Segment Open
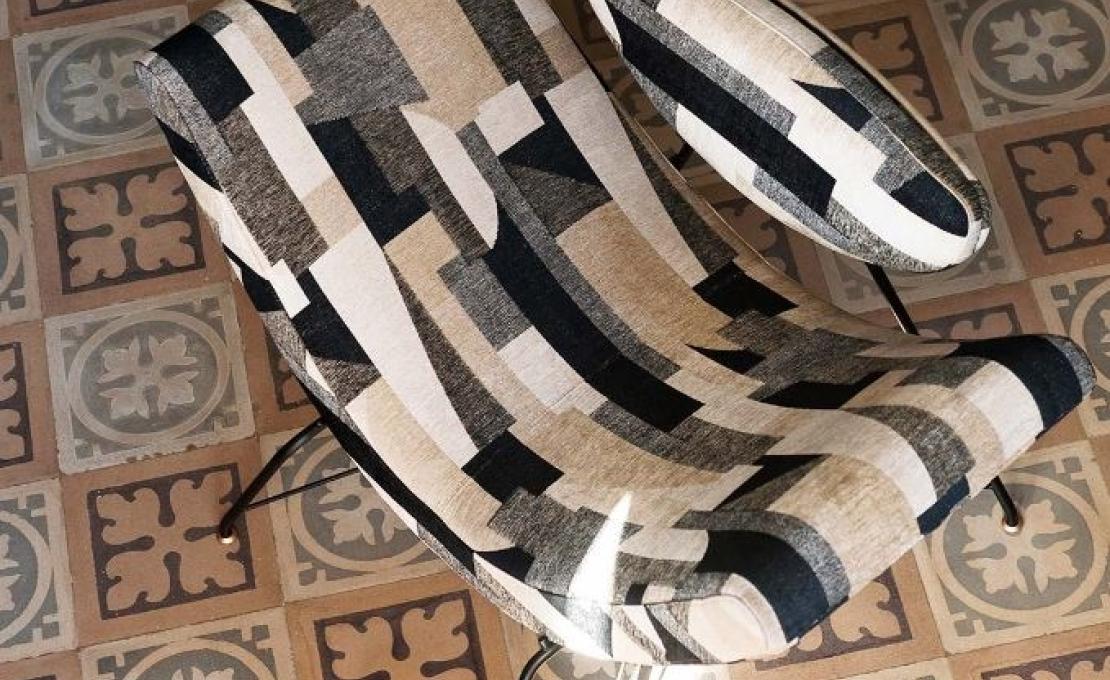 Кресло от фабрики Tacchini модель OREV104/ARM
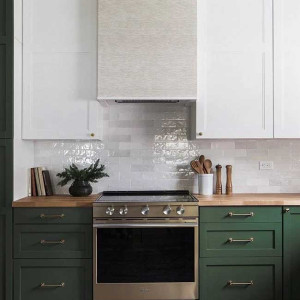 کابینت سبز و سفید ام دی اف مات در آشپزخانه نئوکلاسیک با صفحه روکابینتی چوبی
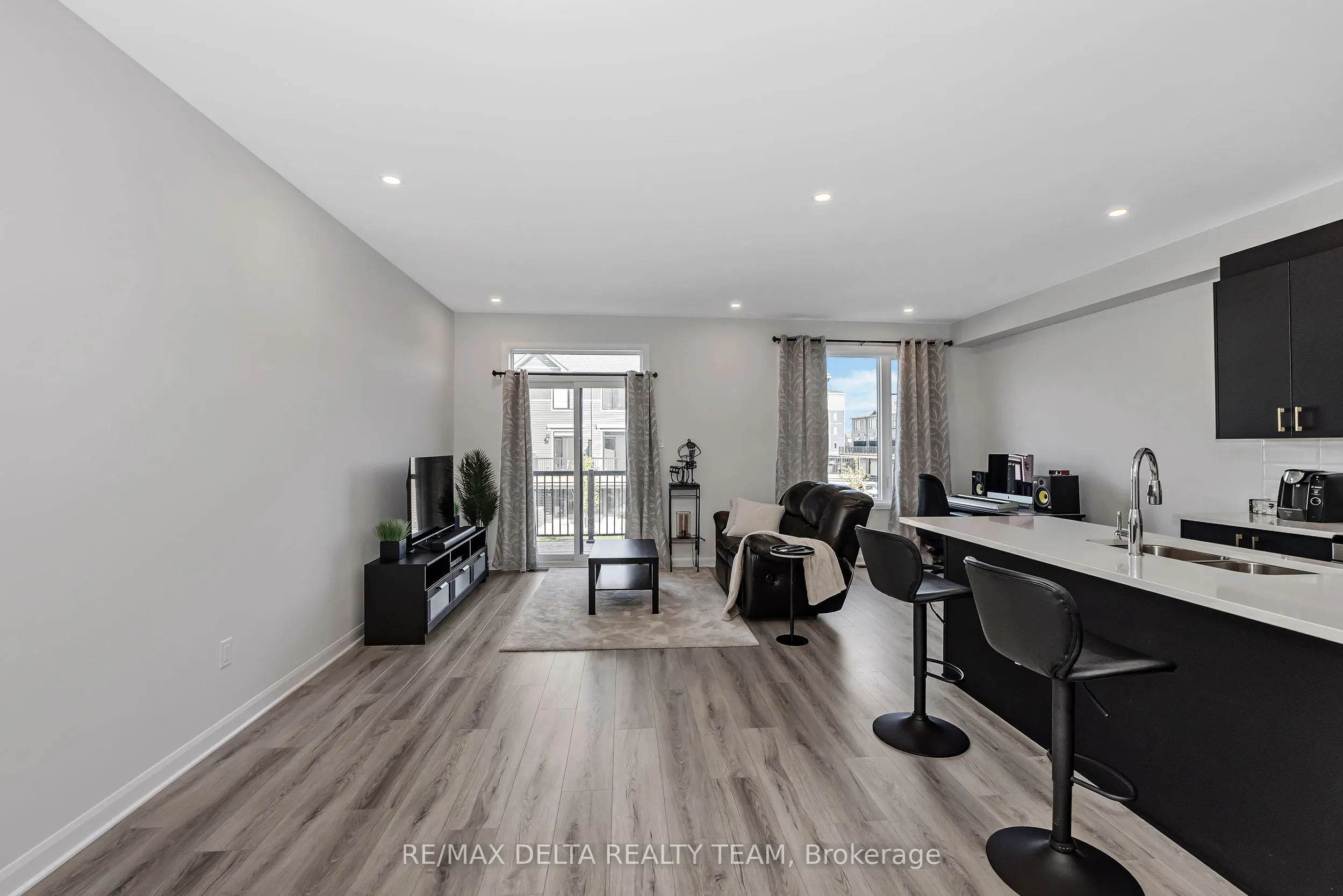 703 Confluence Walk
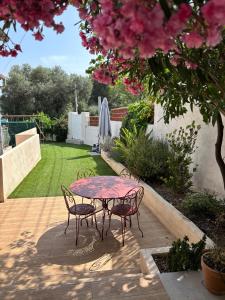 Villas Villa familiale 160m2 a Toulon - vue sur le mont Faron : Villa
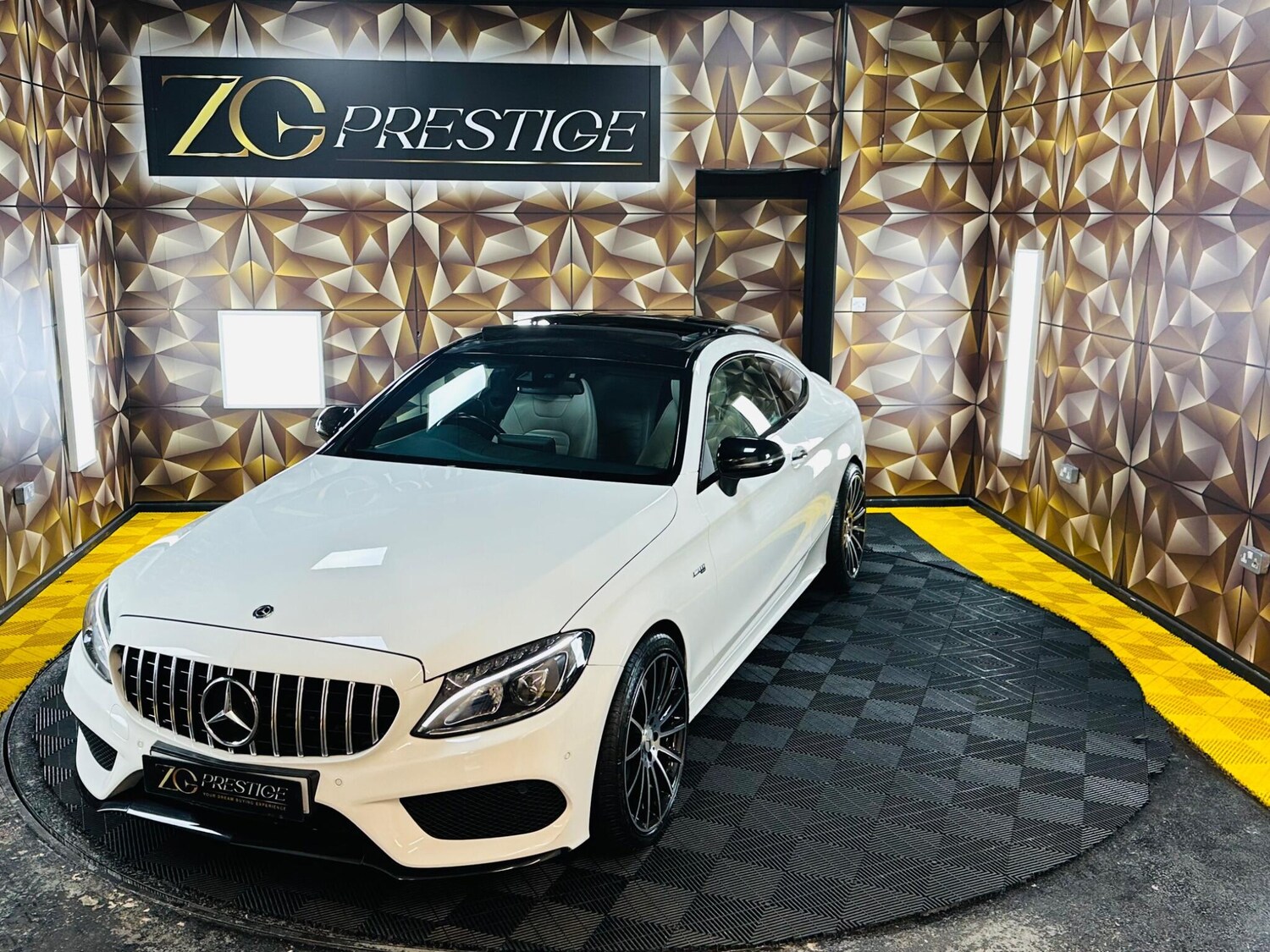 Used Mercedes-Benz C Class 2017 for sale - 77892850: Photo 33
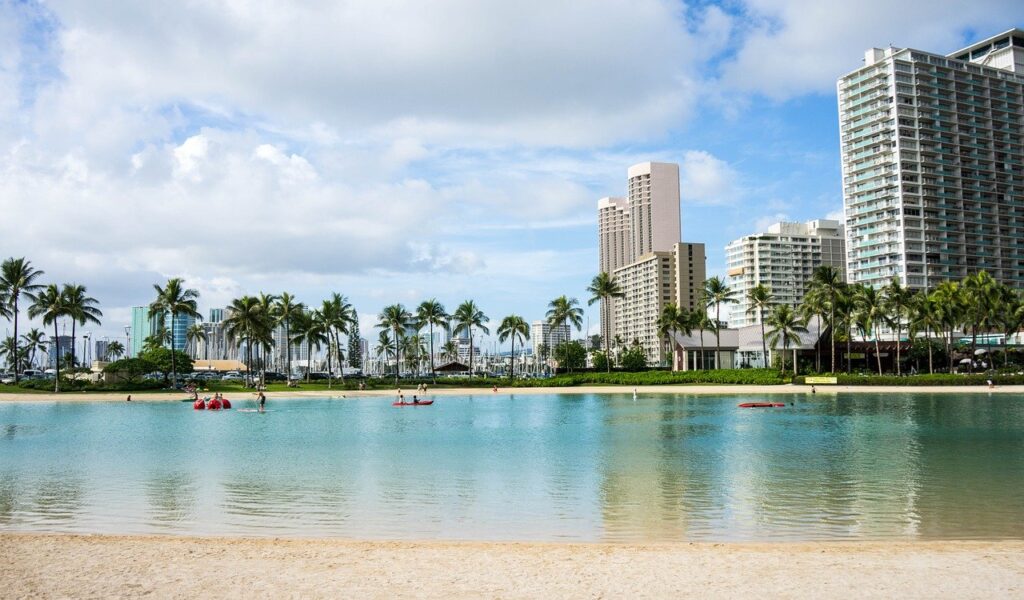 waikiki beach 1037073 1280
Segment Closed
Segment Open
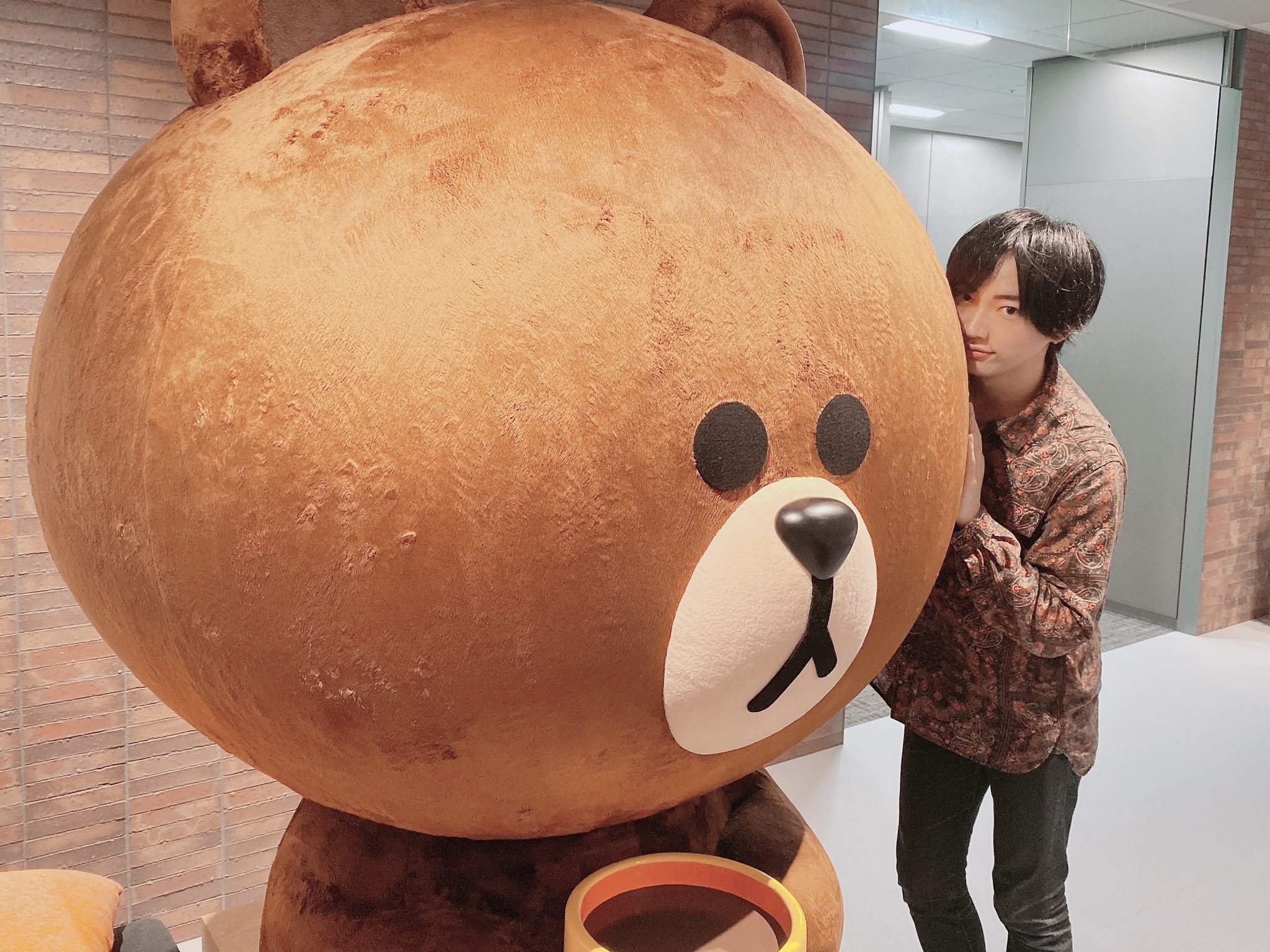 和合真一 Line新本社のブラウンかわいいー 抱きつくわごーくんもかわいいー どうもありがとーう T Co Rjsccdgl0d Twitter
Segment Closed
Segment Open
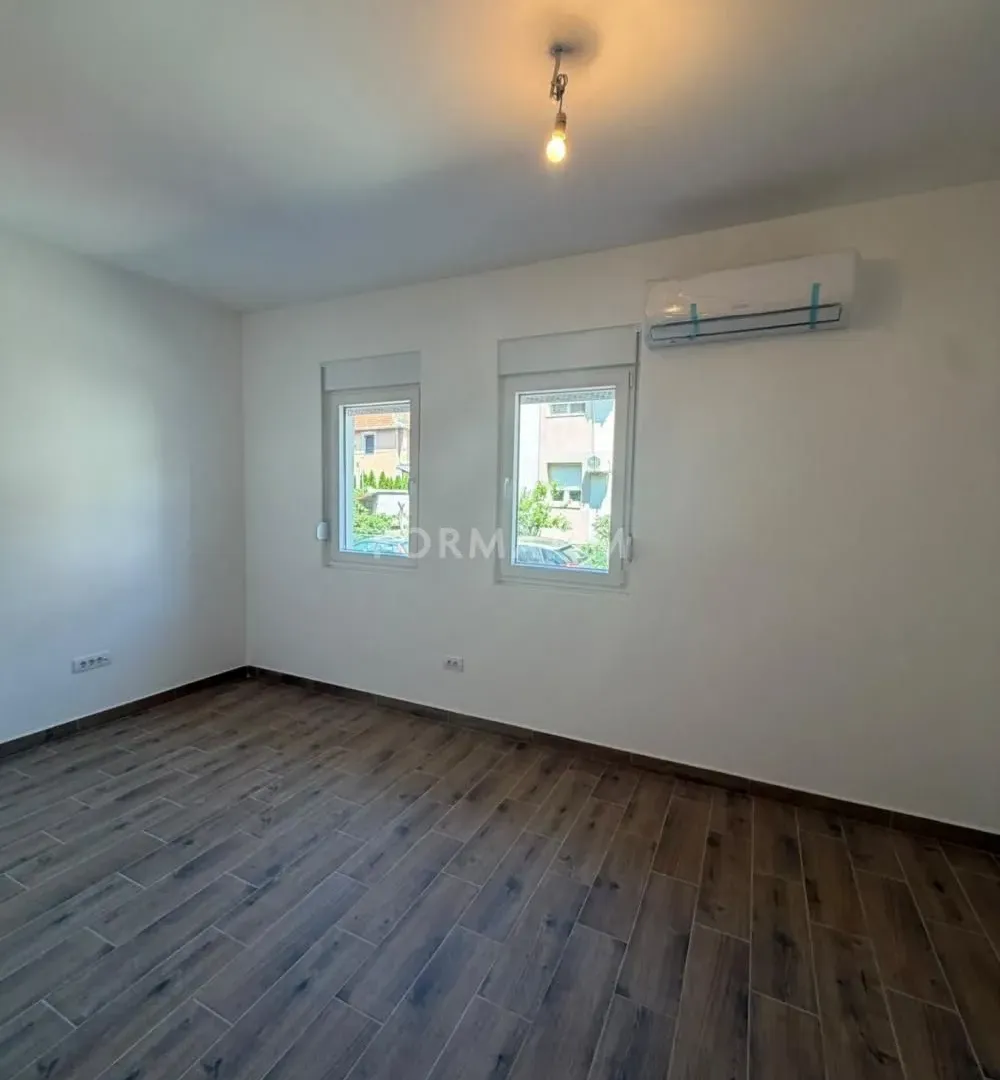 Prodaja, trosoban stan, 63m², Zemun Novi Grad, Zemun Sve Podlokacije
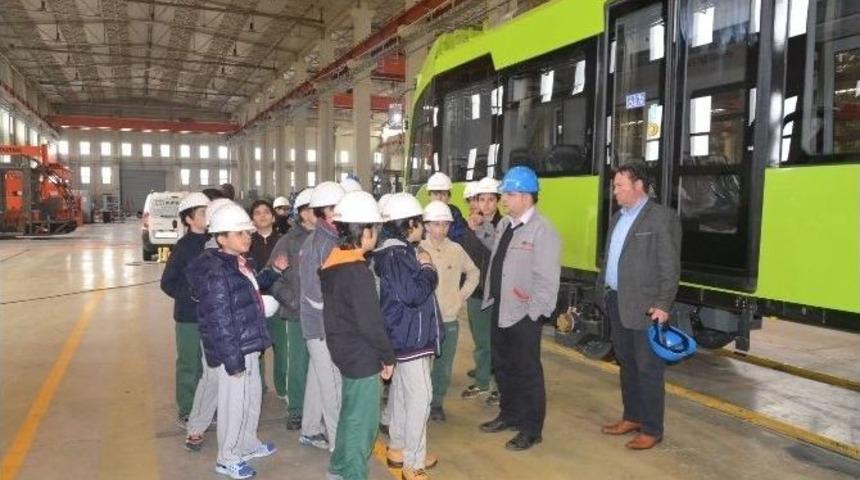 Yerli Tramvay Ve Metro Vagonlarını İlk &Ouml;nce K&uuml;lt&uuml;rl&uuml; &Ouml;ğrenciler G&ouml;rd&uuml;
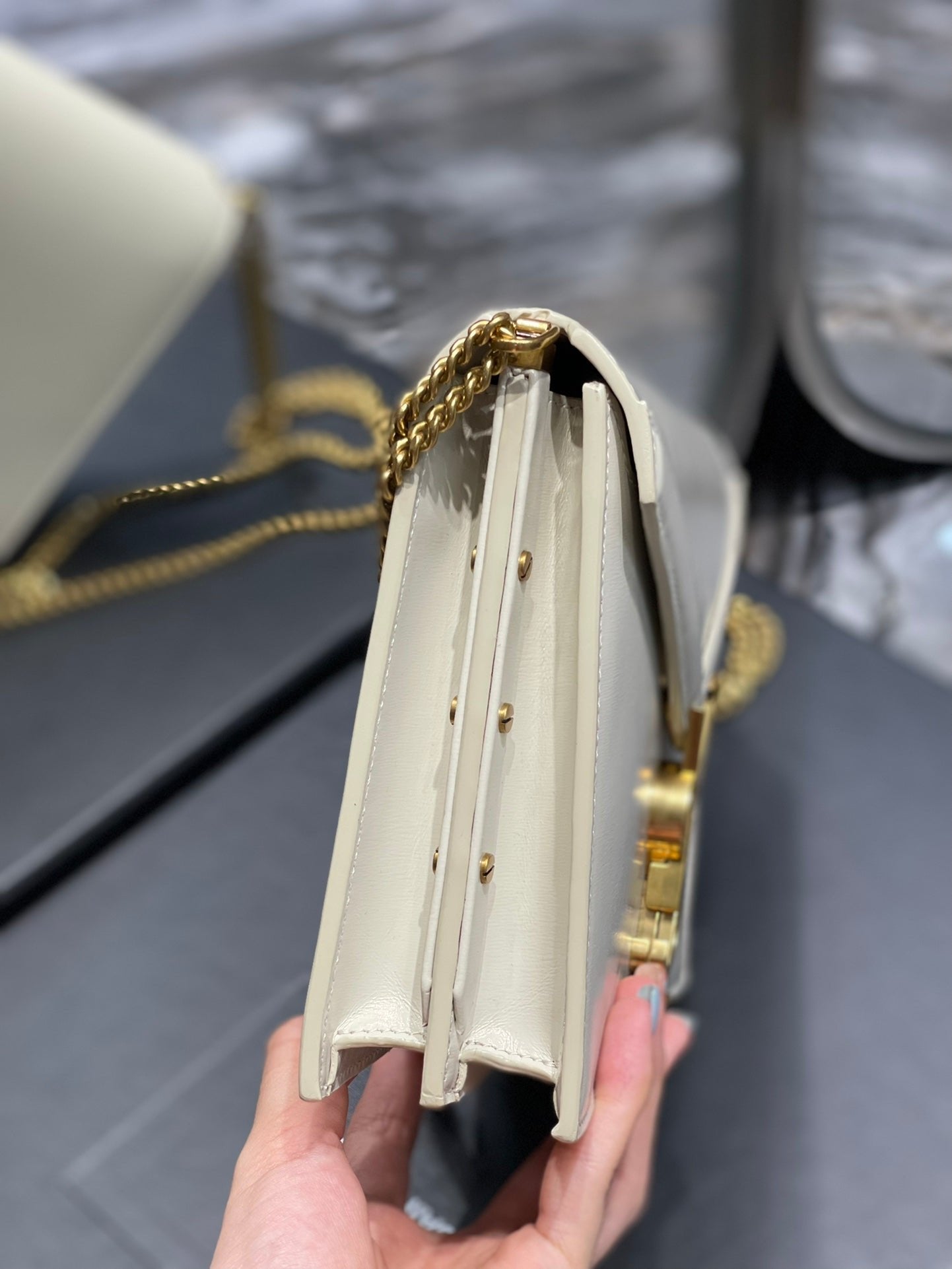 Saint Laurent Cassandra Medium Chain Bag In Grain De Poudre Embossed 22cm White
Segment Closed
ABOUT THIS TASK. From the material above, output only the span of lines that starts at the one containing "Кресло от фабрики" and finishes at the one containing "waikiki beach 1037073 1280", word for word and free of pictures.

WRITTEN SOLUTION.
 Кресло от фабрики Tacchini модель OREV104/ARM
 کابینت سبز و سفید ام دی اف مات در آشپزخانه نئوکلاسیک با صفحه روکابینتی چوبی
 703 Confluence Walk
 Villas Villa familiale 160m2 a Toulon - vue sur le mont Faron : Villa
 Used Mercedes-Benz C Class 2017 for sale - 77892850: Photo 33
 waikiki beach 1037073 1280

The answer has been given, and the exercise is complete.